Esta amizade tentacular expõe também diversos temas e compõe, por camadas, a interpretação desta narrativa editada postumamente. Não é um livro simples ou tranquilo. É um relato que questiona a época, o papel da religião, e que levanta dúvidas diversas, como a importância da individualidade, mas também da partilha, da confidência e da amizade na formação de cada mulher, sublinhando a necessidade de um “espaço pessoal vital” que, aqui, se vê sufocado pela família, a religião, a sociedade e o que é esperado que as mulheres assumam.
“Pobre Andrée!
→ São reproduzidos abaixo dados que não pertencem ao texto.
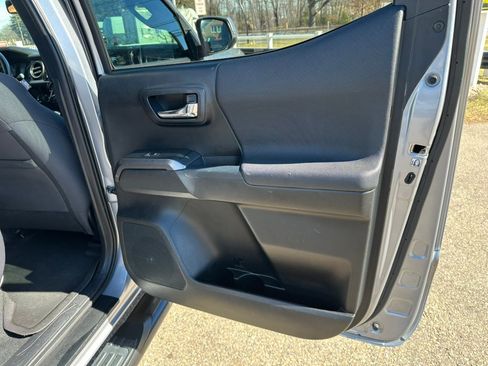 Used 2016 Toyota Tacoma TRD Sport w/ Exterior Package image 10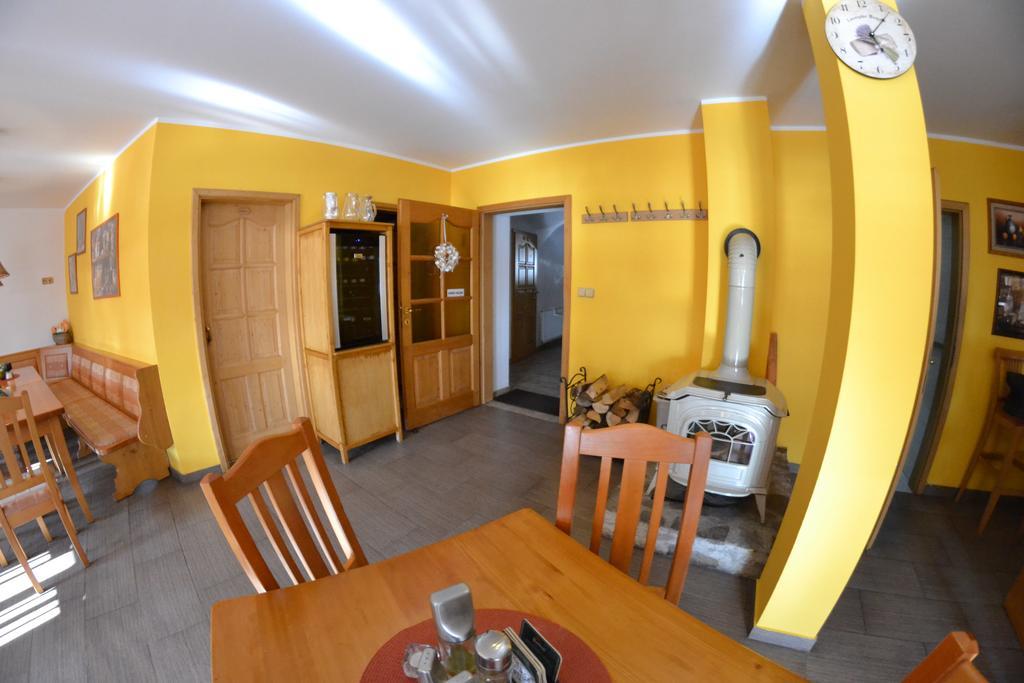 Apartmany U Jezera Na Namesti Фримбурк Екстериор снимка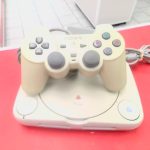 CONSOLE PLAYSTATION 1 / BLANC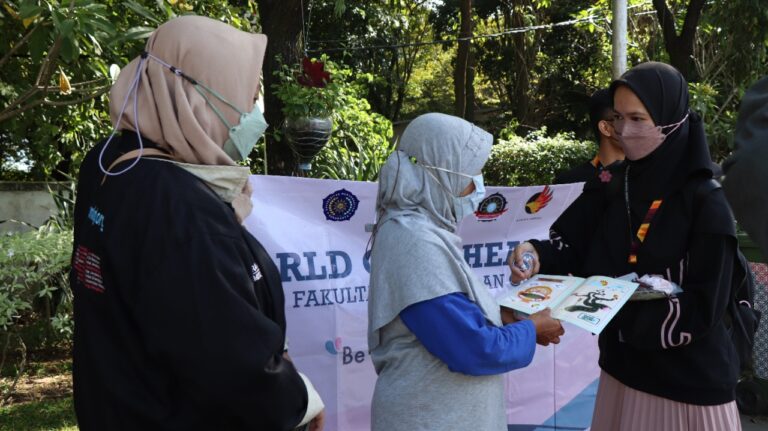 Dalam rangka memperingati Hari Kesehatan Gigi dan Mulut Sedunia,  Badan Eksekutif Mahasiswa (BEM) Fakultas Kedokteran Gigi (FKG) Universitas Muhammadiyah Surakarta (UMS) menyelenggarakan edukasi kesehatan gigi dan mulut dengan membagikan paket sikat gigi kepada masyarakat umum, pada Ahad (20/3) yang berlokasi di Pasar Gede, area Galabo Pusat Grosir Solo (PGS), dan Manahan.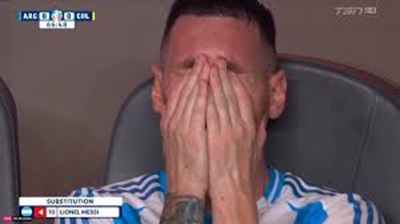 
Saat kapten kesebelasan Argentina Lionel Messi Menangis di bench (Foto: Tangkapan layer/Ist)
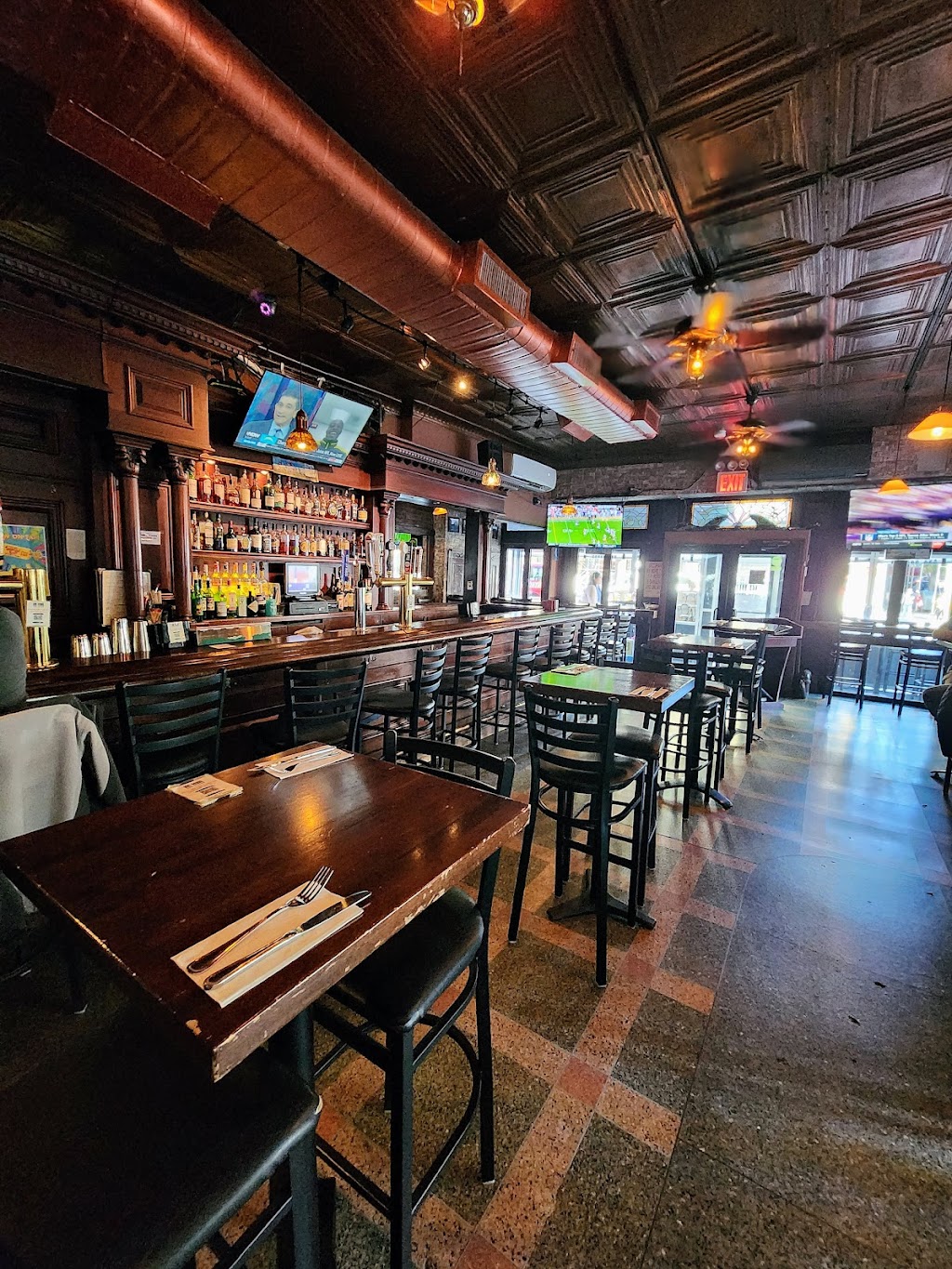 Amsterdam Ale House | 340 Amsterdam Ave, New York, NY 10024, USA | Phone: (718) 883-0824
Todos querem a sua salvação. E ela deseja tanto ser feliz na Terra!”
O lado solitário do crescimento de Andrée revela características da própria amizade, e também a forma como a outra metade pensa e se desenvolve. Também a sós Sylvie crescia – cresciam ambas em silencio. Uma cumplicidade e partilha onde não parecem alcançar a liberdade, já que existe uma formalidade própria de classe que espartilha a amizade entre as duas meninas-mulheres.
“– Repreendeu-a?
– Disse que me perdoava, mas quanto ao resto era entre o meu confessor e eu.
André olhou para mim muito séria.
– Temos de entendê-la. Tem a seu cargo a minha alma: também ela por vezes não deve perceber o que Deus quer dela. Não é fácil para ninguém.
– Não, não é fácil – disse eu sem convicção.”
A certeza que fica deste relato é, sem dúvida, a importância da religião na formação destas duas crianças, e a da amizade para o seu desenvolvimento enquanto mulheres, misturando espiritualidade, confiança, adoração, o amor e o corpo (esse que o catecismo diz que não se vende, mas que o casamento a isso obriga), a partilha de preocupações, o apaziguamento e a rendição – mas, também, um questionamento que se assume tão constante quanto tudo o resto.
“Revi Andrée naquela capela da clínica, rodeada de velas e flores. (…) O cabelo estava mais longo e tombava-lhe em madeixas lisas sobre o seu rosto lívido e tão magro que mal lhe reconheci as feições. As suas mãos, de unhas compridas muito pálidas, cruzadas sobre o crucifixo, pareciam friáveis, como as de uma múmia antiga. (…). Obscuramente, compreendi que Andrée morrera sufocada por aquela brancura.”